Stored dataset items
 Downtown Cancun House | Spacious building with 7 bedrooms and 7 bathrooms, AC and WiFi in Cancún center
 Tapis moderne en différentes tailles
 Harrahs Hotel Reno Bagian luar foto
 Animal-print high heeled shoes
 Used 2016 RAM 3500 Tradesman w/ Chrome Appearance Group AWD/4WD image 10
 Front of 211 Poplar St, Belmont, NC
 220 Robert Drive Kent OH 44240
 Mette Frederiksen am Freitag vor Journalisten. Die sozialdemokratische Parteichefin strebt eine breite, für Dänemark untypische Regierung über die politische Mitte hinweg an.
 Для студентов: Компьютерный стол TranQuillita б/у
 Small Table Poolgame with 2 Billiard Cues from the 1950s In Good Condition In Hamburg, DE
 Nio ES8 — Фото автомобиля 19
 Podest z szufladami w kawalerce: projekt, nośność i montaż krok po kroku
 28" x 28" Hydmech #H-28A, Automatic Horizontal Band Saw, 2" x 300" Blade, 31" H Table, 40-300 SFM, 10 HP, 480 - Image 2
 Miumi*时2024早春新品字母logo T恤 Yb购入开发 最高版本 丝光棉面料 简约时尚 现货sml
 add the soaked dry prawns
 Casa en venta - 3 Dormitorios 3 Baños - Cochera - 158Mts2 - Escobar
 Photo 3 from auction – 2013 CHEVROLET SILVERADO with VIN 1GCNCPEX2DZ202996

» Task
Repeat, word for word, every line above.

» Output for this task
 Downtown Cancun House | Spacious building with 7 bedrooms and 7 bathrooms, AC and WiFi in Cancún center
 Tapis moderne en différentes tailles
 Harrahs Hotel Reno Bagian luar foto
 Animal-print high heeled shoes
 Used 2016 RAM 3500 Tradesman w/ Chrome Appearance Group AWD/4WD image 10
 Front of 211 Poplar St, Belmont, NC
 220 Robert Drive Kent OH 44240
 Mette Frederiksen am Freitag vor Journalisten. Die sozialdemokratische Parteichefin strebt eine breite, für Dänemark untypische Regierung über die politische Mitte hinweg an.
 Для студентов: Компьютерный стол TranQuillita б/у
 Small Table Poolgame with 2 Billiard Cues from the 1950s In Good Condition In Hamburg, DE
 Nio ES8 — Фото автомобиля 19
 Podest z szufladami w kawalerce: projekt, nośność i montaż krok po kroku
 28" x 28" Hydmech #H-28A, Automatic Horizontal Band Saw, 2" x 300" Blade, 31" H Table, 40-300 SFM, 10 HP, 480 - Image 2
 Miumi*时2024早春新品字母logo T恤 Yb购入开发 最高版本 丝光棉面料 简约时尚 现货sml
 add the soaked dry prawns
 Casa en venta - 3 Dormitorios 3 Baños - Cochera - 158Mts2 - Escobar
 Photo 3 from auction – 2013 CHEVROLET SILVERADO with VIN 1GCNCPEX2DZ202996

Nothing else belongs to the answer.